**Stored data:**
====================

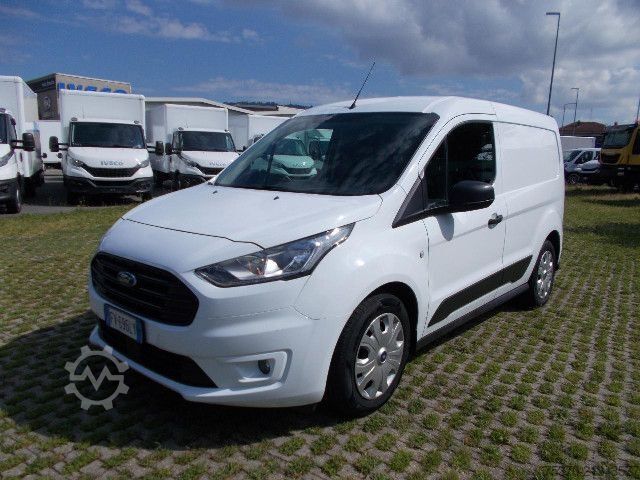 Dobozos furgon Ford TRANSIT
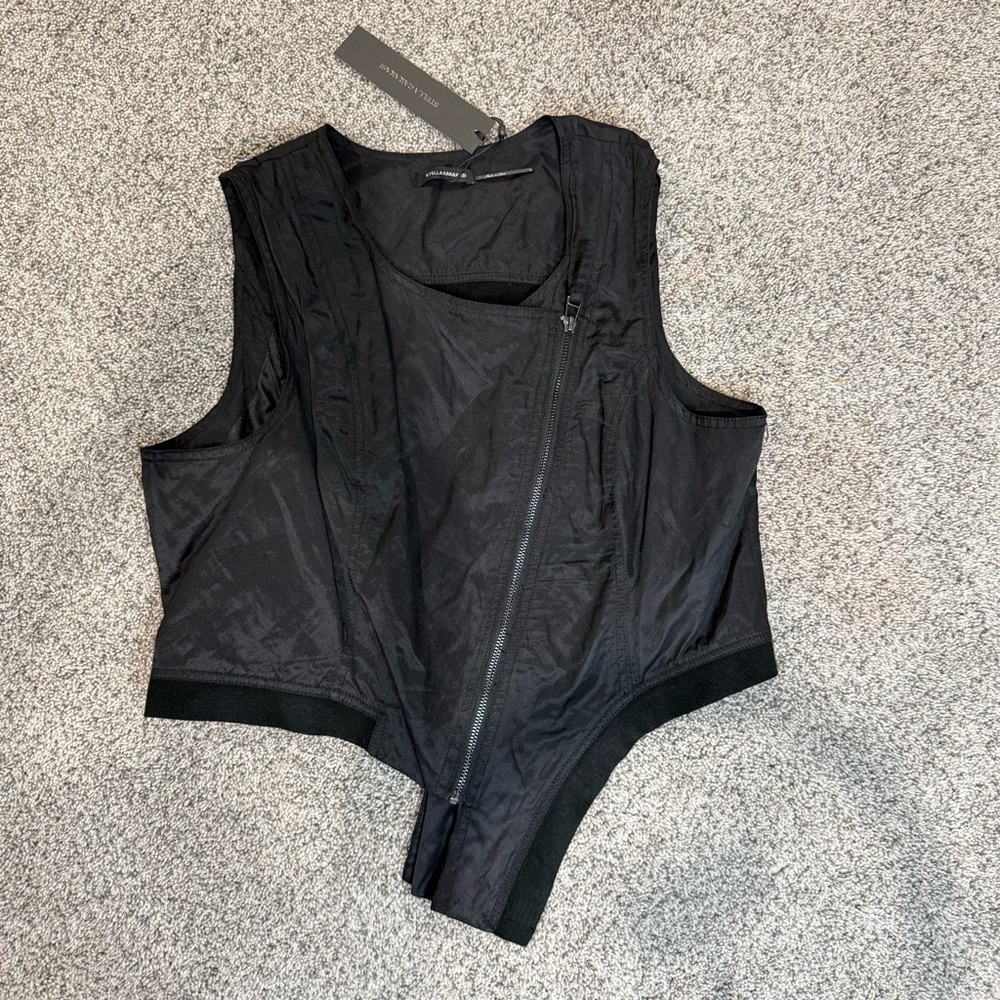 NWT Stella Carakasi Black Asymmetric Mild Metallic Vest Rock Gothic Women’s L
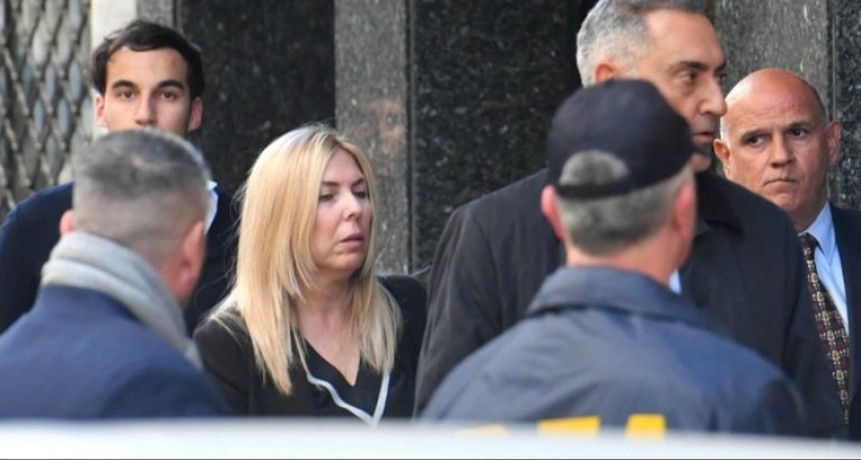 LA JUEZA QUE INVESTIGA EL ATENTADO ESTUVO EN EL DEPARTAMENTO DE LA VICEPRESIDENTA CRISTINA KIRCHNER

====================

**Your assignment:** Omitting the images, copy the listing exactly.

**Solved problem:**
 Dobozos furgon Ford TRANSIT
 NWT Stella Carakasi Black Asymmetric Mild Metallic Vest Rock Gothic Women’s L
 LA JUEZA QUE INVESTIGA EL ATENTADO ESTUVO EN EL DEPARTAMENTO DE LA VICEPRESIDENTA CRISTINA KIRCHNER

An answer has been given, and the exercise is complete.